=== Data for analysis ===
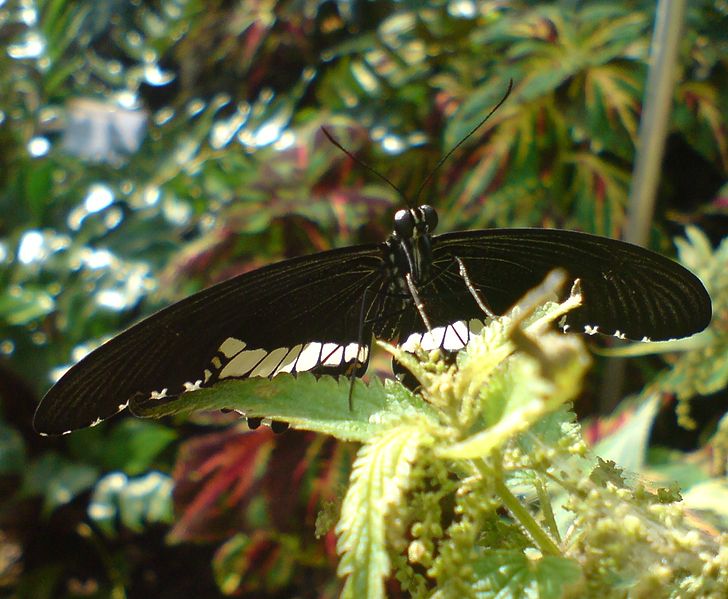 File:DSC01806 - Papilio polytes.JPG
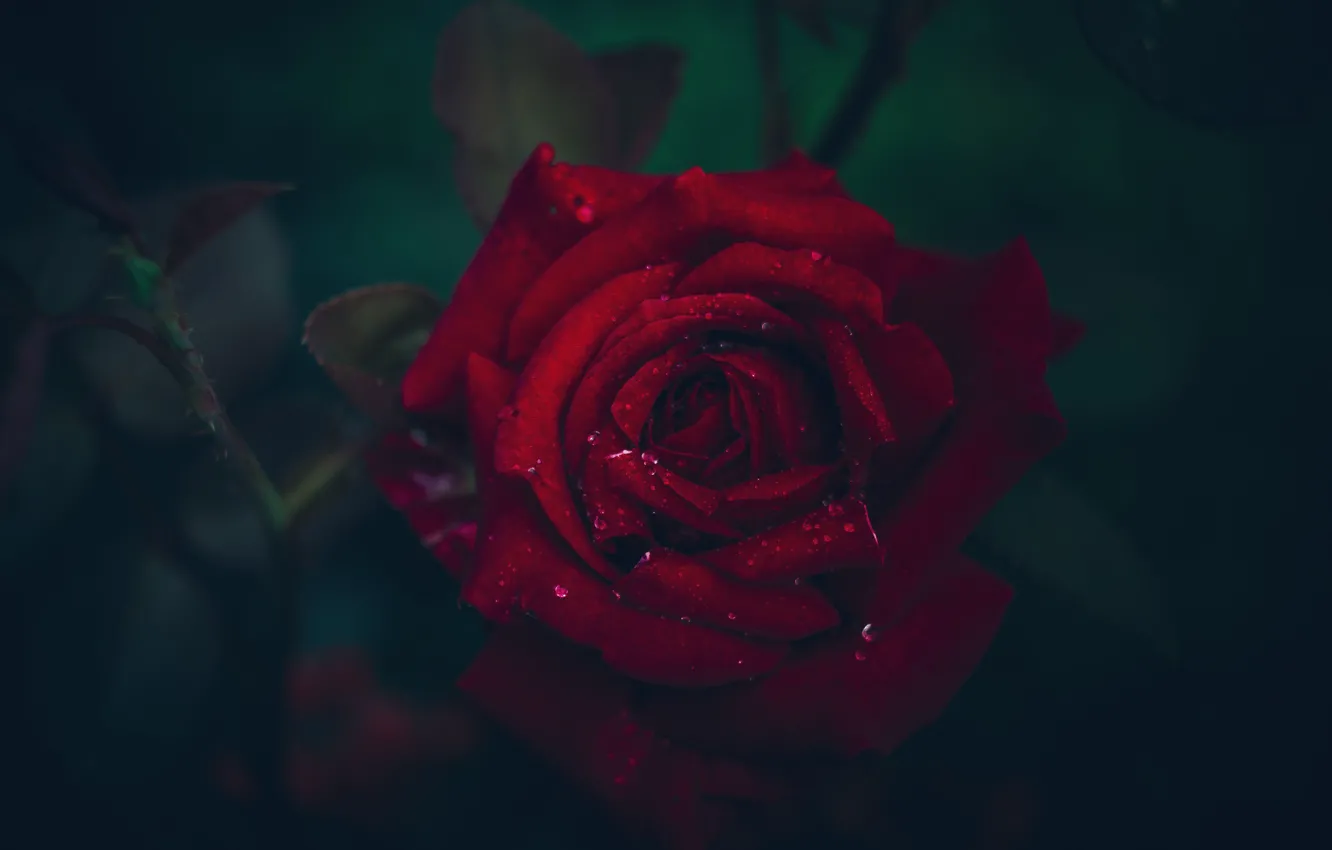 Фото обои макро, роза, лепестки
===
=== Data for analysis ===
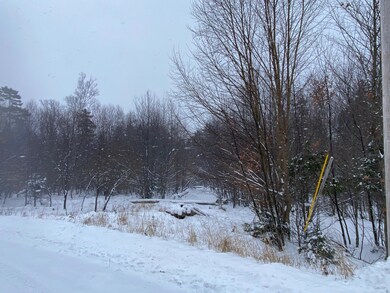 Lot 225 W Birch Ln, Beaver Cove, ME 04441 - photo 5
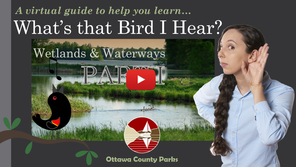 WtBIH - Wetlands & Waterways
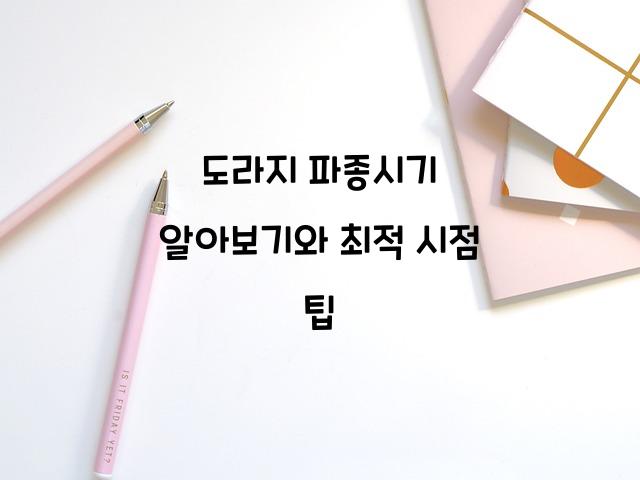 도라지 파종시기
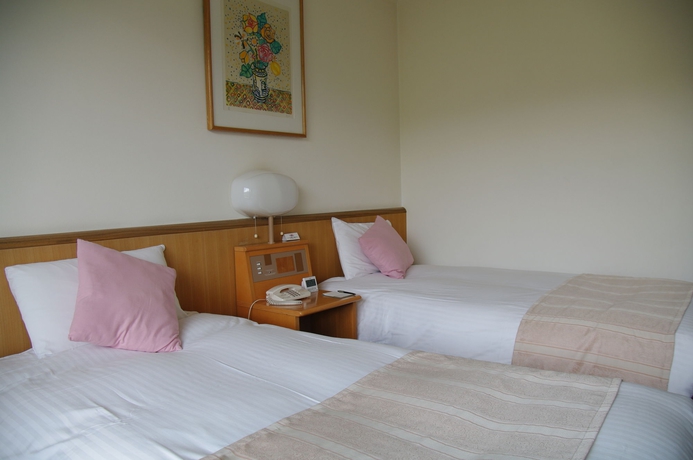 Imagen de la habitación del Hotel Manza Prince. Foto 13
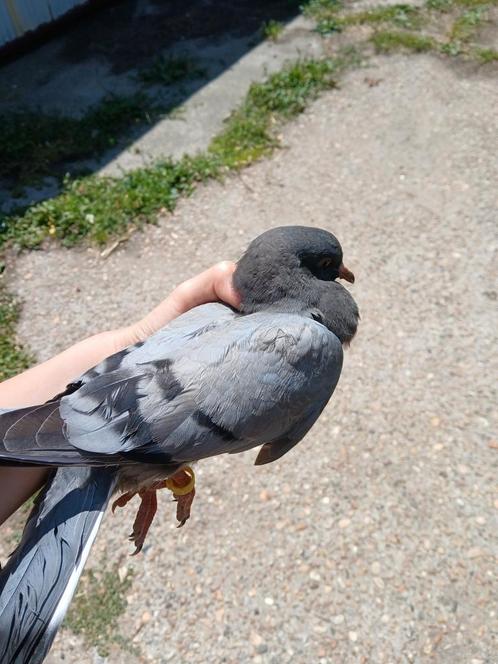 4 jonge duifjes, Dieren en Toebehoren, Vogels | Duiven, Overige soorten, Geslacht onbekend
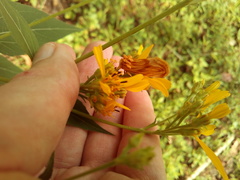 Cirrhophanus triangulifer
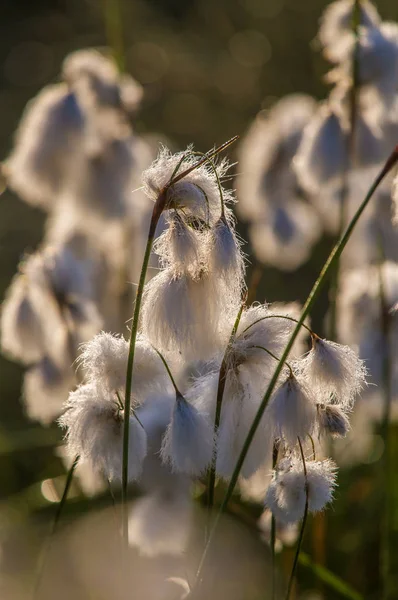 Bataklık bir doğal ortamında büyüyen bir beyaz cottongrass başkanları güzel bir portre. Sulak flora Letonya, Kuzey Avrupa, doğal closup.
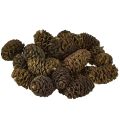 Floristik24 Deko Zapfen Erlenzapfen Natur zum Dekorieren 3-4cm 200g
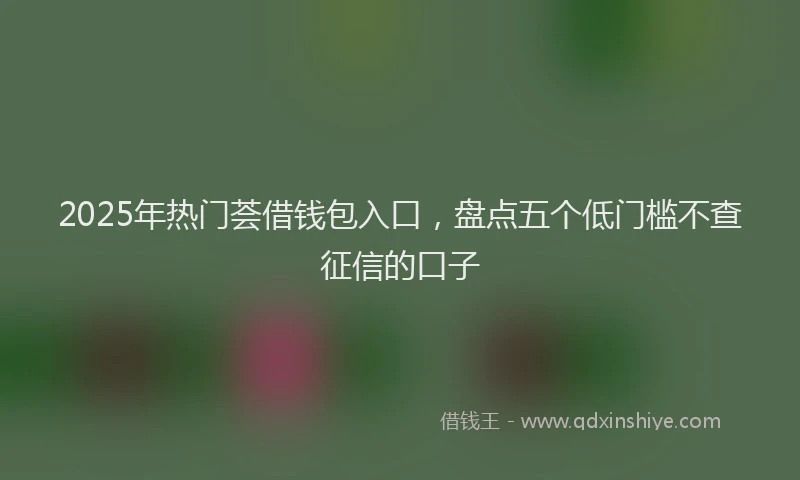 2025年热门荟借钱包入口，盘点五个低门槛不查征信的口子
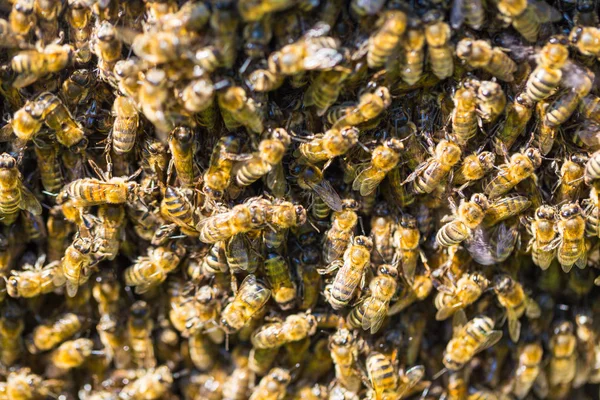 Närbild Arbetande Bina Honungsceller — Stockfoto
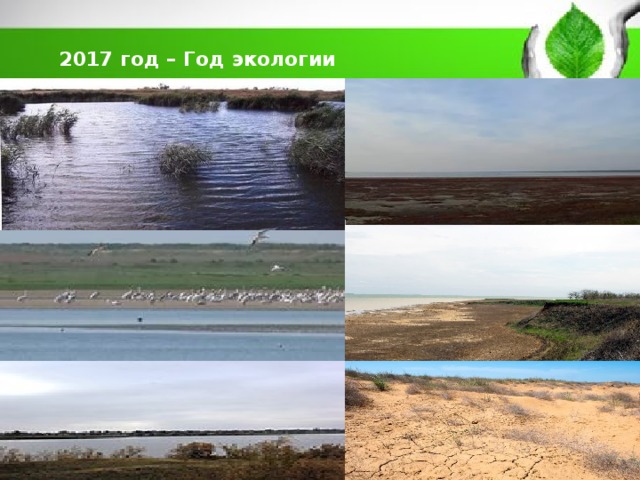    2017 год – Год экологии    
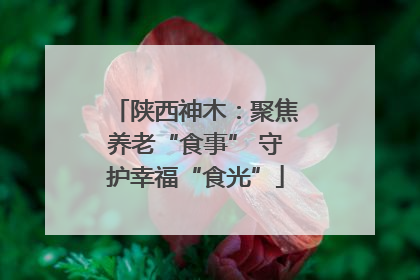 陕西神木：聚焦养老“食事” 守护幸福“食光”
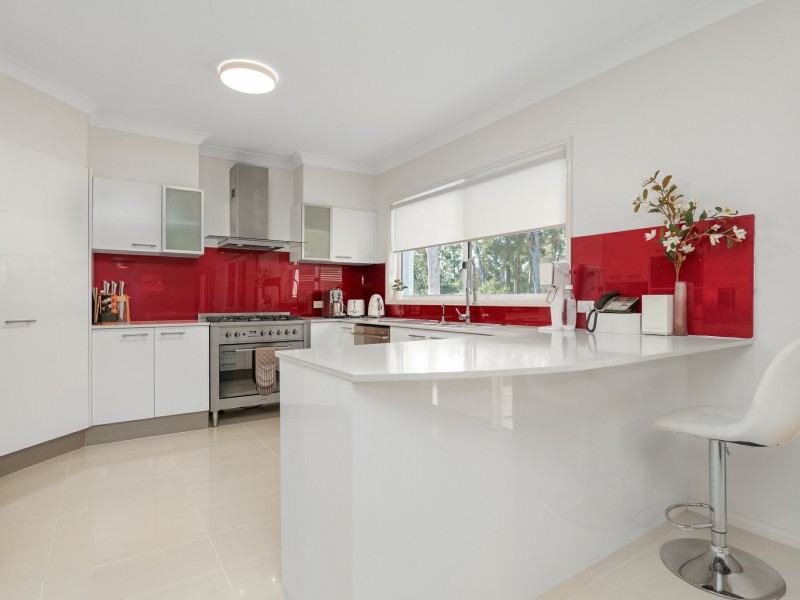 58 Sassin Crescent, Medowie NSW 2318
===
=== Data for analysis ===
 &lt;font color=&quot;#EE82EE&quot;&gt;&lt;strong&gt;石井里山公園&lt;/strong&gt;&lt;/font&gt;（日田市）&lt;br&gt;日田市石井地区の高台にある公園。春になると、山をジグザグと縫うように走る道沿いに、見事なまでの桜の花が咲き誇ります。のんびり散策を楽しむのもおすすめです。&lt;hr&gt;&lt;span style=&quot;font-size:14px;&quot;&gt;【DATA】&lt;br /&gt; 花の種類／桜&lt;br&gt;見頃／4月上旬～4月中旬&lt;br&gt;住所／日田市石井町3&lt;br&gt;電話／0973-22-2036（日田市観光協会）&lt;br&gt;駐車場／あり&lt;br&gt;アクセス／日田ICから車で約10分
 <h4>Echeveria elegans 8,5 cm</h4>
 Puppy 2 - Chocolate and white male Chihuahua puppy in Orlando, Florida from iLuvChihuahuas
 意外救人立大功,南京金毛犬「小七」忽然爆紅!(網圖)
===
Give again, exactly as written above, every line from the one holding "File:DSC01806 - Papilio polytes.JPG" to the one holding "Фото обои макро, роза, лепестки", with both ends kept and the pictures left out.

 File:DSC01806 - Papilio polytes.JPG
 Фото обои макро, роза, лепестки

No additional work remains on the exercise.